- _Requirement_: Pictures aside, every line of the listing should be given again exactly.

- _Material for this exercise_:

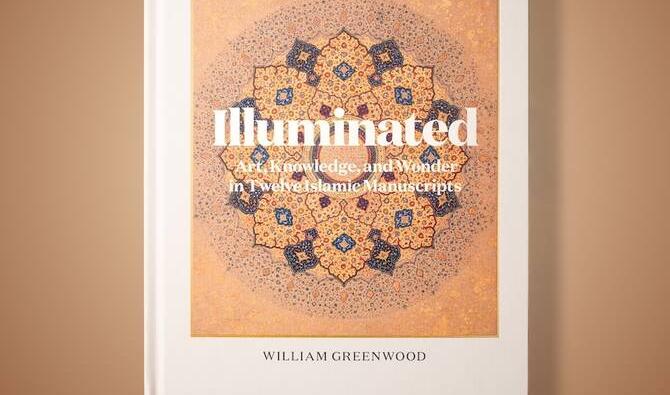 Un nouveau livre explore 12 chefs-d’œuvre de l’art du manuscrit islamique à travers les siècles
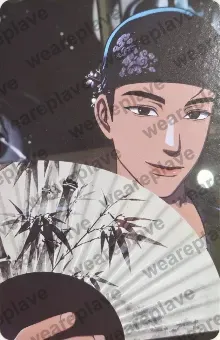 front:하민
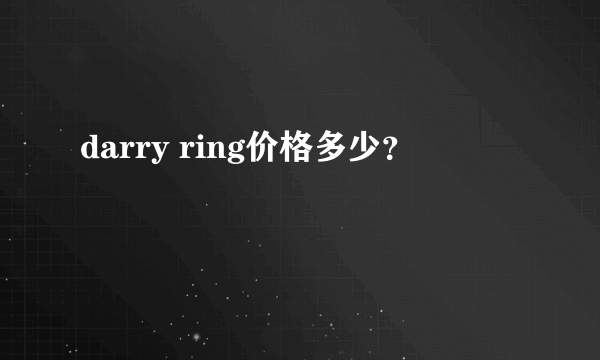 darry ring价格多少？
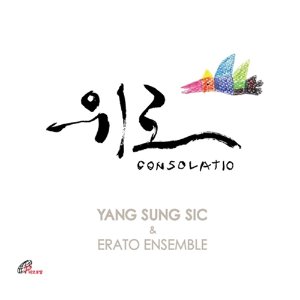 [중고] 양성식 &amp; 에라토 앙상블 (Erato Ensemble) / Consolatio - 위로 (Digipack/fpmcd235)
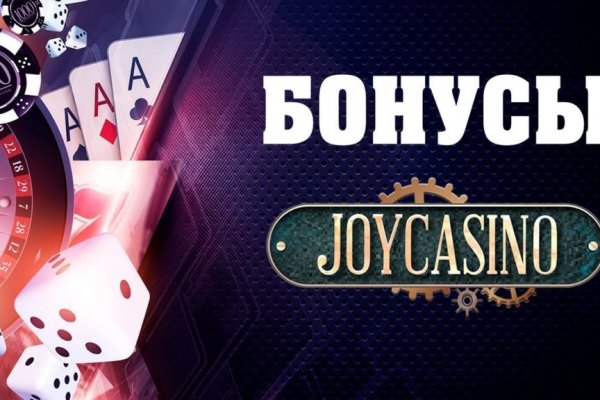 Сайт кракен россия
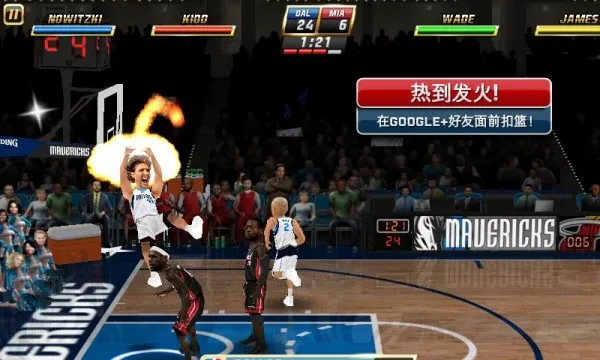 NBA껪2025ذװv04.00.80 Ѱ
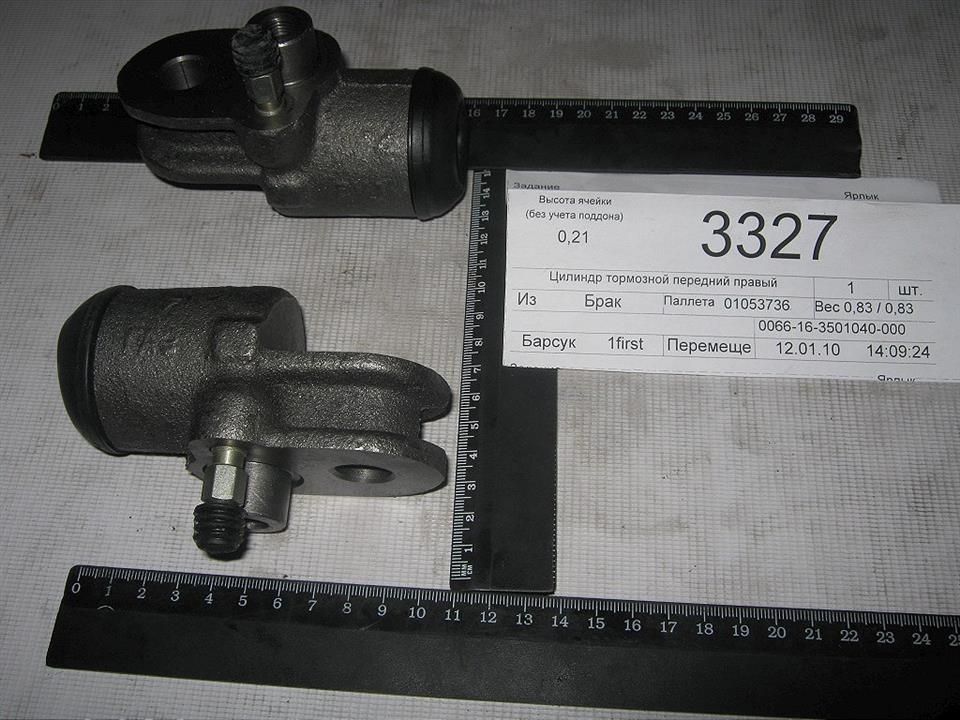 Gaz 66-1635010-40 Wheel Brake Cylinder 66163501040: Buy near me in Poland at 2407.PL - Good price!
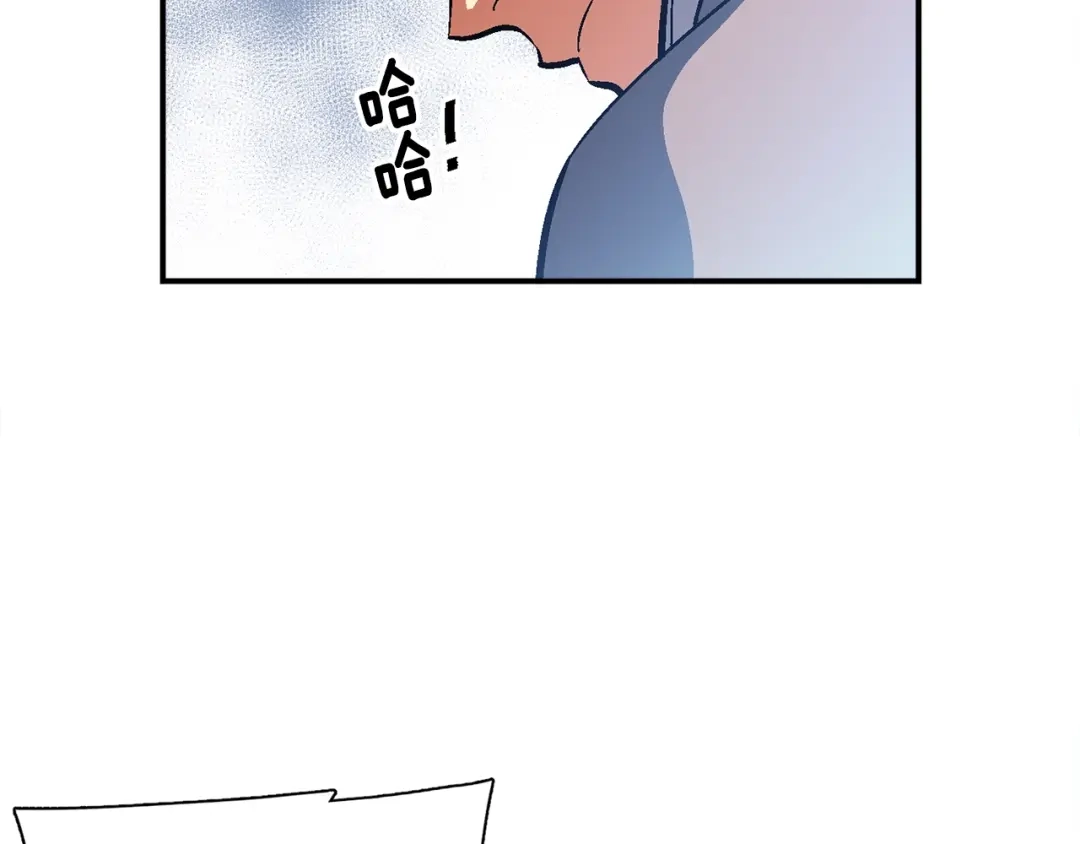 《月光雕刻师》第101话 你们也想起舞吗？ 第134页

- _The completed task_:
 Un nouveau livre explore 12 chefs-d’œuvre de l’art du manuscrit islamique à travers les siècles
 front:하민
 darry ring价格多少？
 [중고] 양성식 &amp; 에라토 앙상블 (Erato Ensemble) / Consolatio - 위로 (Digipack/fpmcd235)
 Сайт кракен россия
 NBA껪2025ذװv04.00.80 Ѱ
 Gaz 66-1635010-40 Wheel Brake Cylinder 66163501040: Buy near me in Poland at 2407.PL - Good price!
 《月光雕刻师》第101话 你们也想起舞吗？ 第134页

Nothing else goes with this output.